Hagop and Otto, Goblin and One-Eye and I went through this before, on the Plain of Fear, where for about five thousand years we lived like badgers in the ground.
“Cletus. Where’s Goblin?” Cletus is one of three brothers who serve as our engineers and master artillerymen.
“Around the corner. Next cellar.”
Cletus, Loftus and Longinus are geniuses. They figured out how to bring fresh air down the chimneys of existing structures up top, then into the deep tunnels, let it flow slowly through the complex, then send it up other chimneys. Plain engineering, but it seemed like sorcery to me. A flow of breathable air, though slow and never pure, serves us well enough.
It does nothing to lessen the damp and the smell.
I found Goblin. He was holding a candle for Longinus while the latter slapped wet mortar onto freshly scrubbed stonework about eye level. “What’s the problem, Goblin?”

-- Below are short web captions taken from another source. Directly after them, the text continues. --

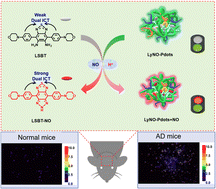 Graphical abstract: Ratiometric fluorescence imaging of lysosomal NO in living cells and mice brains with Alzheimer's disease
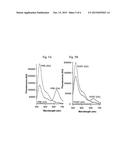 SYSTEMS AND METHODS FOR MEASURING TRANSLATION OF TARGET PROTEINS IN CELLS diagram and image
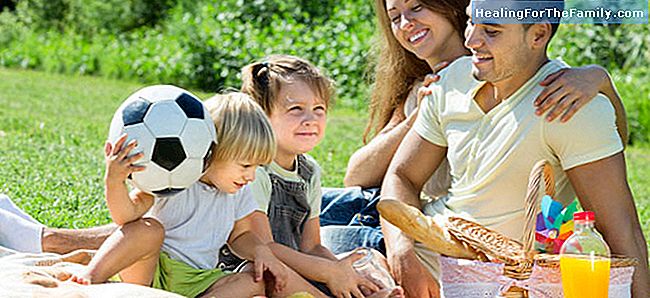7 Tipps für ein gesundes und ausgewogenes Familie Picknick zu organisieren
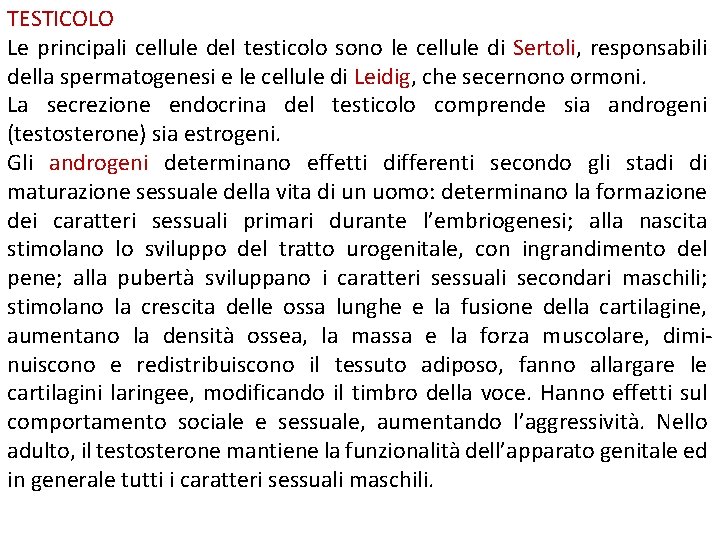 TESTICOLO Le principali cellule del testicolo sono le cellule di Sertoli, responsabili della spermatogenesi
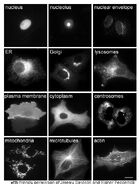 Proteins in different cellular compartments and structures tagged with green fluorescent protein.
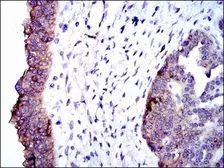 Anti-Alkaline Phosphatase (Tissue Non-Specific) antibody [2F4] used in IHC (Paraffin sections) (IHC-P). GTX60568
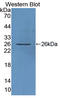 Family With Sequence Similarity 3 Member C antibody, LS-C374968, Lifespan Biosciences, Western Blot image 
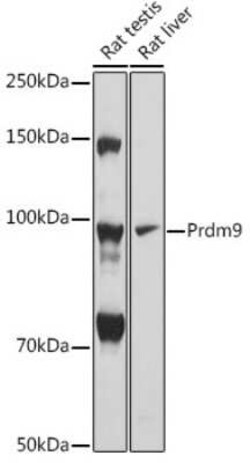 PRDM9 Rabbit anti-Mouse, Rat, Polyclonal, Novus Biologicals:Antibodies:Primary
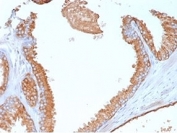 IHC staining of FFPE human prostate tissue with Glypican-3 antibody (clone GPC3/7107). HIER: boil tissue sections in pH 9 10mM Tris with 1mM EDTA for 20 min and allow to cool before testing.
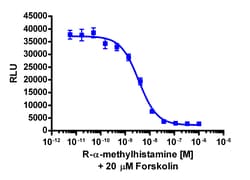 Eurofins Discoverx cAMP Hunter eXpress HRH3 CHO-K1 GPCR Assay, 10-Plate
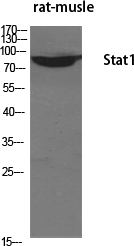 Stat1 Polyclonal Antibody[4146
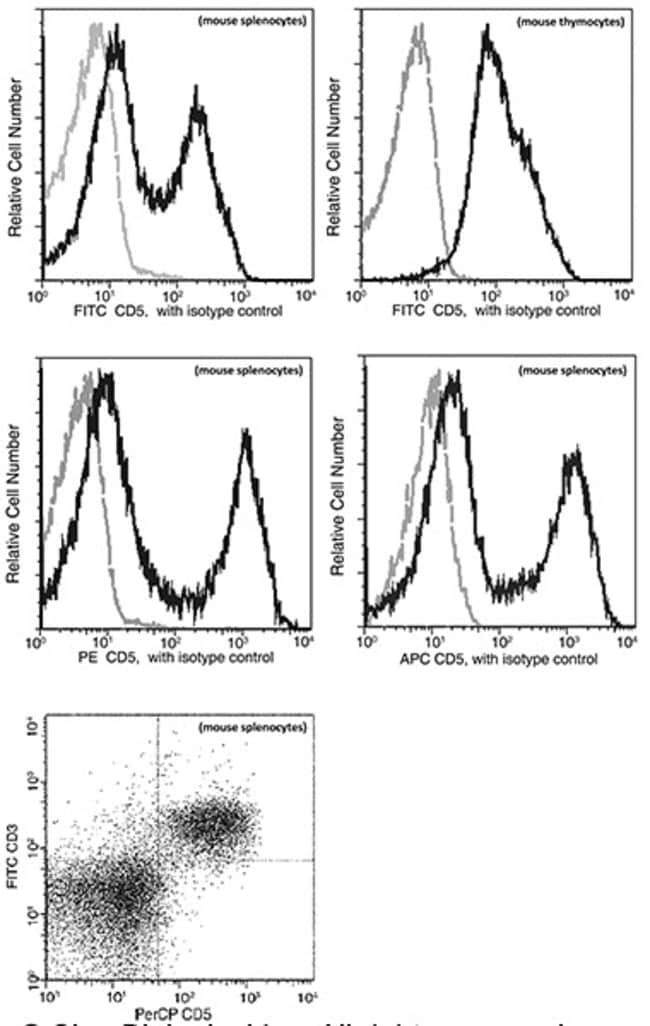 CD5 Rabbit Monoclonal Antibody (114), APC, Invitrogen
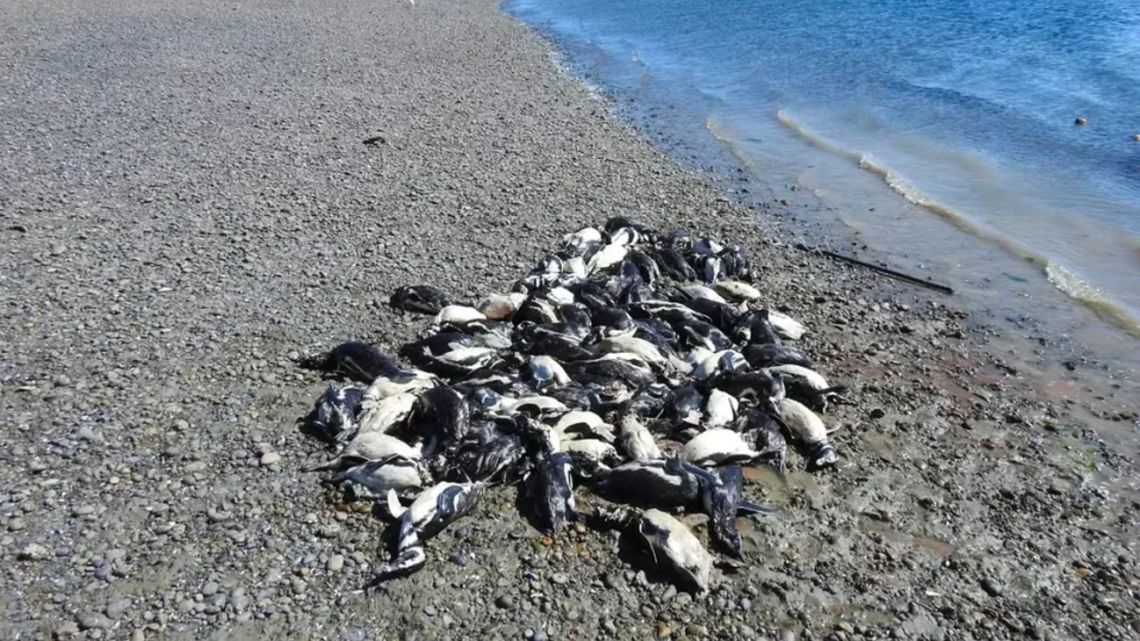 A heartbreaking image went viral after the appearance of 138 dead penguins on the coast of Santa Cruz.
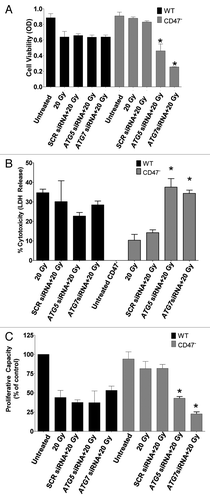 Figure 6. Silencing ATG5 and ATG7 sensitizes CD47-deficient Jurkat T cells to IR. WT and CD47− Jurkat T cells were plated in complete media and transfected with siRNAs against ATG5 and ATG7 or nonspecific scrambled control (SCR). Twenty-four hours after transfection cells were irradiated at 20 Gy. Cell viability was measured by MTS (A), cell cytotoxicity by LDH release (B), and proliferative capacity by crystal violet (n = 3 in triplicate; one-way ANOVA-Bonferroni post-test, *p < 0.001).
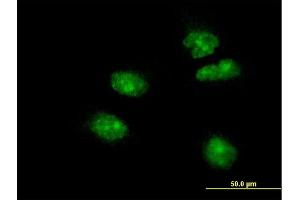 Immunofluorescence (IF) image for anti-Forkhead Box A2 (FOXA2) (AA 363-457) antibody (ABIN516568)
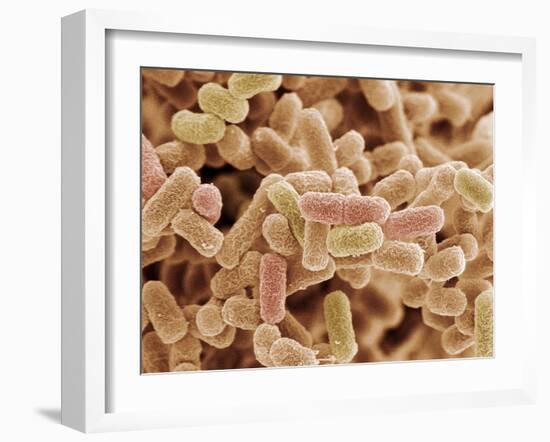 E. Coli Bacteria, SEM-Steve Gschmeissner-Framed Photographic Print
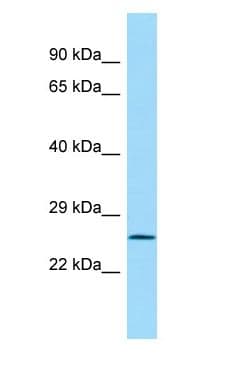 LAIR1 / CD305 Antibody (aa163-212)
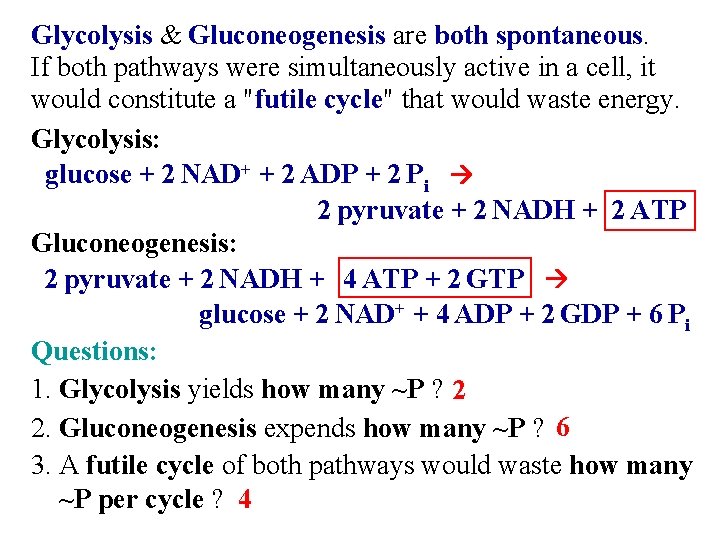 Glycolysis & Gluconeogenesis are both spontaneous. If both pathways were simultaneously active in a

“Rained like a bastard up there, eh?”
“Gods swiped a river somewhere and dropped it here. Why?”
“We’ve got a thousand leaks down here.”
“Big problem?”
“Could be later on. There’s no drainage. We’re as low as we can go unless the Twelve tunnel goes good.”
“Sounds like an engineering problem to me.”
“It is,” Longinus said, smoothing the mortar. “And Clete did anticipate it. We’ve waterproofed from the start. Trouble is, you can’t tell how you’re doing until you get a really nasty rain. We’re lucky it didn’t go on the way it does during the rainy season. Three days of that, we might’ve gotten flooded out.”
“Still sounds like an engineering problem. You can handle it, right?”
Longinus shrugged. “We’ll work on it. That’s all we can do, Croaker.”
Little dig there. Like telling me, let everybody do their own worrying.